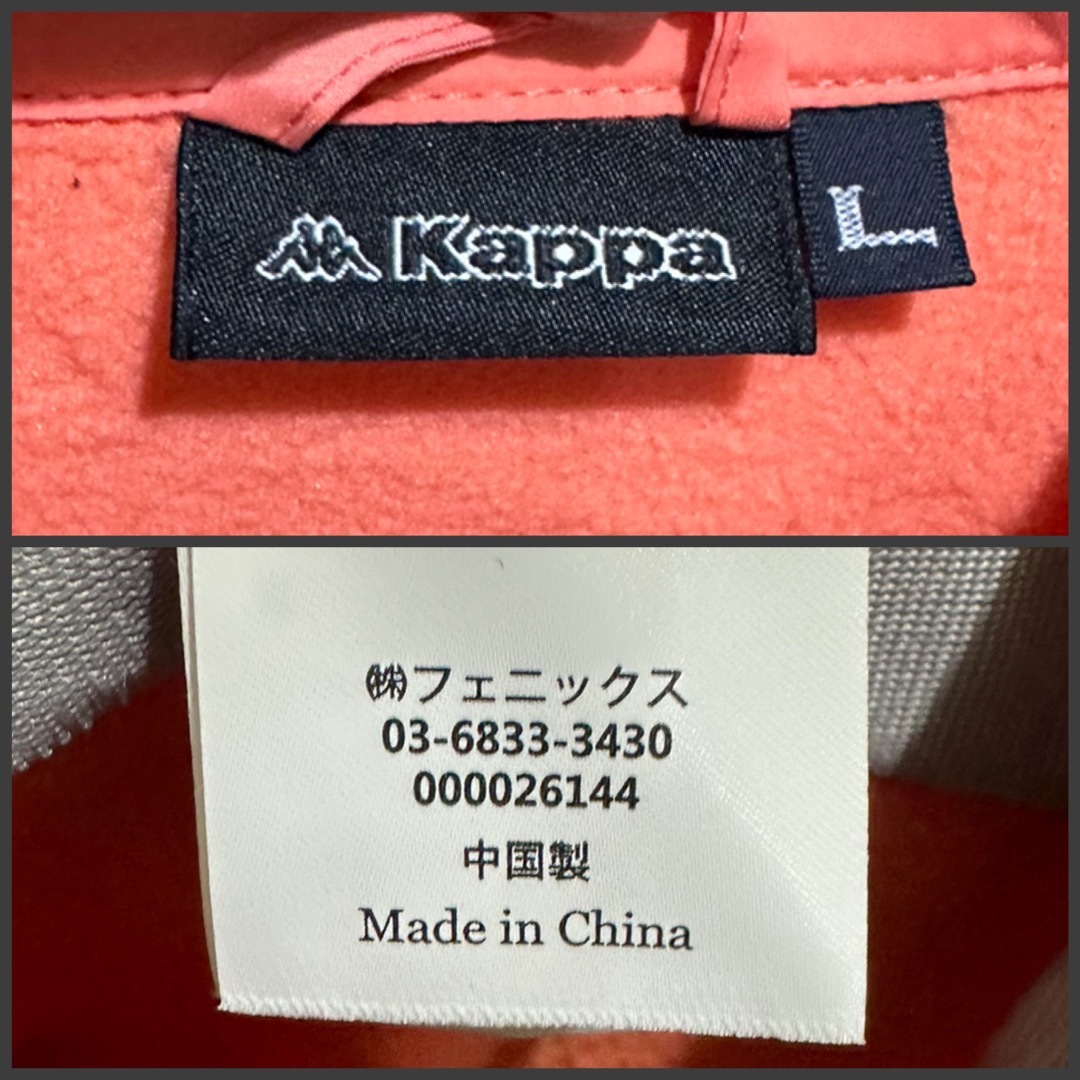 Kappa(カッパ)のカッパゴルフ ジップアップ 中綿入り ベスト ピンク×グレー L スポーツ/アウトドアのゴルフ(ウエア)の商品写真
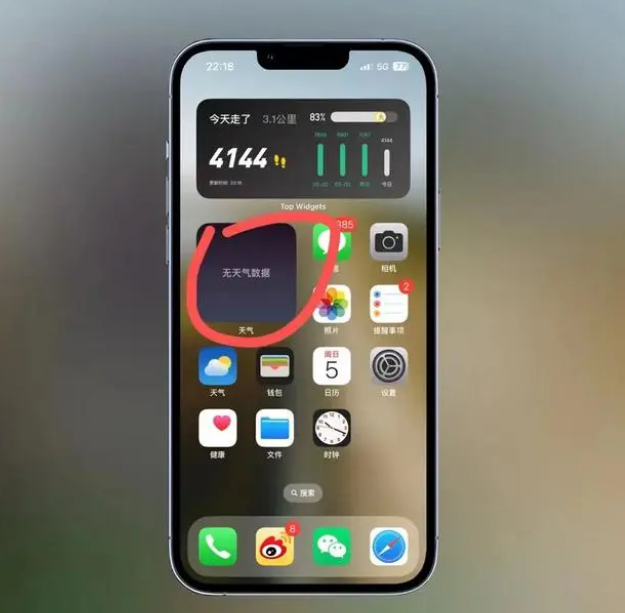 淅川苹果手机维修分享:iOS16主屏幕天气小组件无法正常工作怎么办？ 
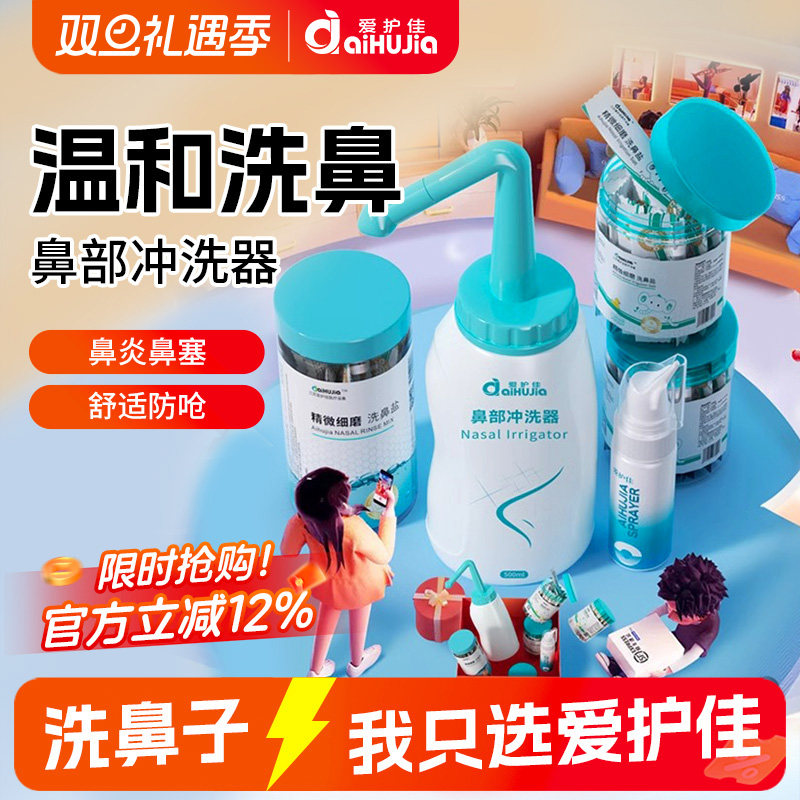 洗鼻盐家用鼻炎鼻窦炎鼻腔冲洗器成人儿童温和盐水专用洗鼻器医用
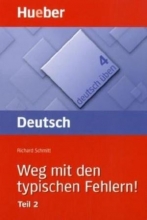 کتاب آلمانی Deutsch Uben Weg Mit Den Typischen Fehlern Teil 2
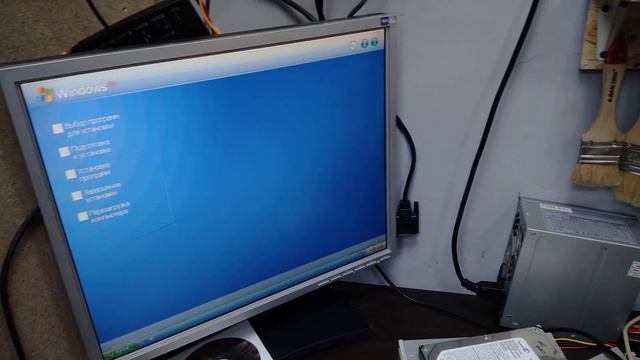 soket 7 видео 2 смотреть онлайн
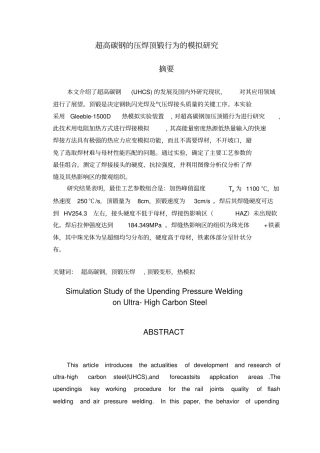 焊接专业大学本科方案设计书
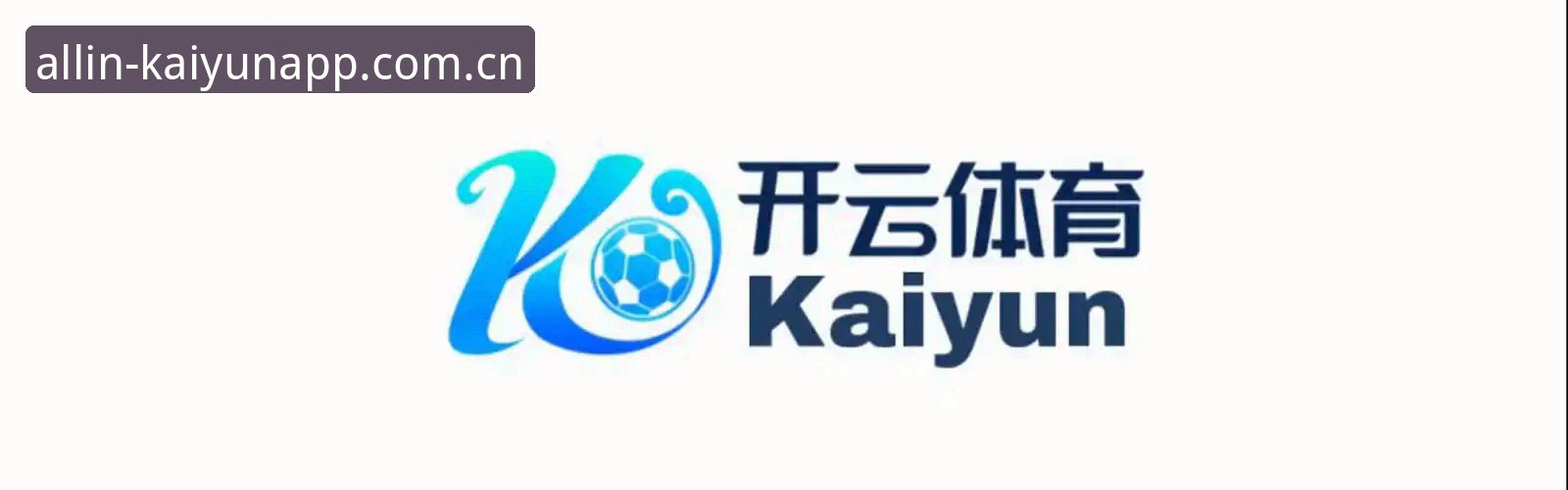 Kaiyun体育平台深度分析：老用户亲测开云娱乐平台的全方位体验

☆ ☆ ☆ ☆

#### Exercise details:
Reproduce precisely the lines of the listing above, from the line containing "洗鼻盐家用鼻炎鼻窦炎鼻腔冲洗器成人儿童温和盐水专用洗鼻器医用" to the last line, both ends included. Pictures are to be omitted.

#### Written answer:
 洗鼻盐家用鼻炎鼻窦炎鼻腔冲洗器成人儿童温和盐水专用洗鼻器医用
 کتاب آلمانی Deutsch Uben Weg Mit Den Typischen Fehlern Teil 2
 soket 7 видео 2 смотреть онлайн
 焊接专业大学本科方案设计书
 Kaiyun体育平台深度分析：老用户亲测开云娱乐平台的全方位体验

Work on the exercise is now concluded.